Tuesday, January 3, 2023

An 1892 visit to the Bull Rock to collect seabirds' eggs

The Bull Rock station taken from the west end of Dursey Island

The following is a verbatim report that appeared in The Field Magazine ('The Country Gentleman's Newspaper') on 2nd July 1892:

We cast off from the pier at Berehaven on May 11 at 5am, and with smooth water and just enough wind to create a draught on our furnace and a strong ebb tide in our favour, we were soon alongside the Bull Rock, a small islet lying about two and a half miles N.W. of Dursey Island and 292 feet high. This is the most southerly breeding haunt of the gannet on the Irish coast.

There is deep water close to the rock and in fine weather a small steamer may lie close in to a remarkable arched hole worn by the action of the sea through the island. A good view of the buildings on the east side may be obtained and the effect of the view under the almost perpendicular cliff is somewhat heightened by the probability that some of the loose stones, which jut out here and there from the face of the rock, will one day fall from their places into the abyss below.        

After landing a few tons of coal for the use of the lightkeepers, I took one of the men with me and went ashore in search of sea birds’ eggs. The ascent is not difficult, there being concrete steps built all the way up to the lighthouse, but the moment we arrived at the summit, a cold, clammy wind blew in our faces, with a fine rain that penetrated our clothing and made our foothold very slippery and difficult. A thick fog prevailing at the time, the watchman on the look-out station was busy with the fog-signal – charges of gun cotton, which he fired at short intervals – the concussion from which was very considerable at close quarters. We were informed by one of the keepers that the nearest way to the gannets’ nesting places was close past the signal station. Just as we were passing it, one of the charges was fired, and within a few feet of us; the concussion was so great that it nearly knocked us down. I shall never forget the look of dismay on Pat’s face as he crossed himself and said “Oh Blessed Virgin, but they’ll blow us into smithereens. For the love of God, sor, come away out of this.”
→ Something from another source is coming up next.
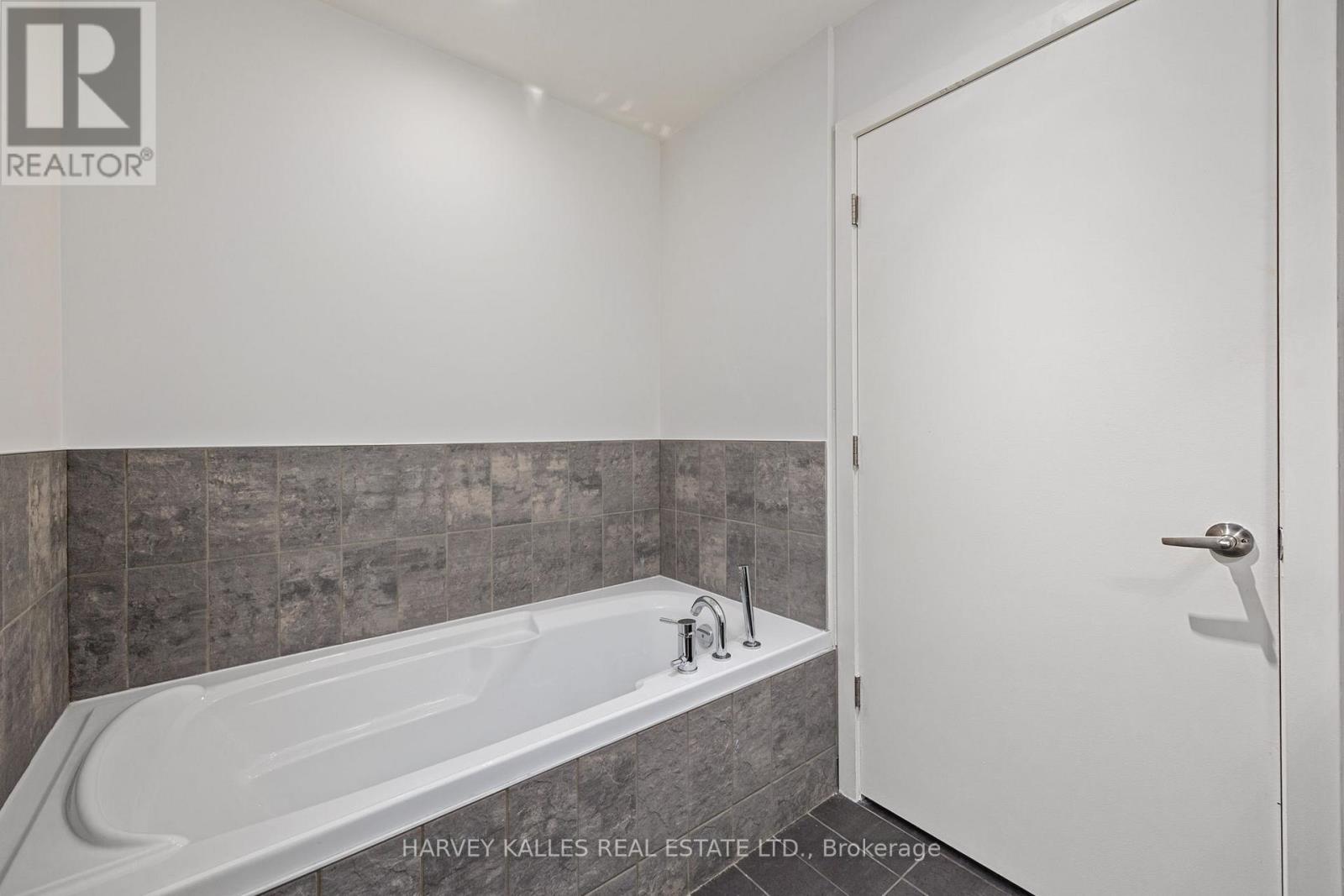 1305 - 552 Wellington Street W, Toronto (Waterfront Communities), Ontario  M5V 2V5 - Photo 18 - C12198569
1905 CIL photograph in the National Library Ireland

The weather now cleared up and became beautifully fine and warm, and we were able to obtain a good view from the summit. The lightkeepers’ dwellings, with the lighthouse, signal station and gasometer, with thousands of seafowl, some circling overhead, but the majority sitting on their nests, gave the rock a very homely and animated appearance compared to what it was when I visited it some years ago, before these buildings were erected.

During the breeding season the birds are very tame. The puffins seem to have no fear whatever, though wary enough when on the water and away from their nests. We captured several of them with a landing net, but let them go again. I have sat for hours within a few feet of these birds, making sketches of them and no better place could an artist find for studying the habits and attitudes of sea birds than this wild, rocky isle off the Irish coast.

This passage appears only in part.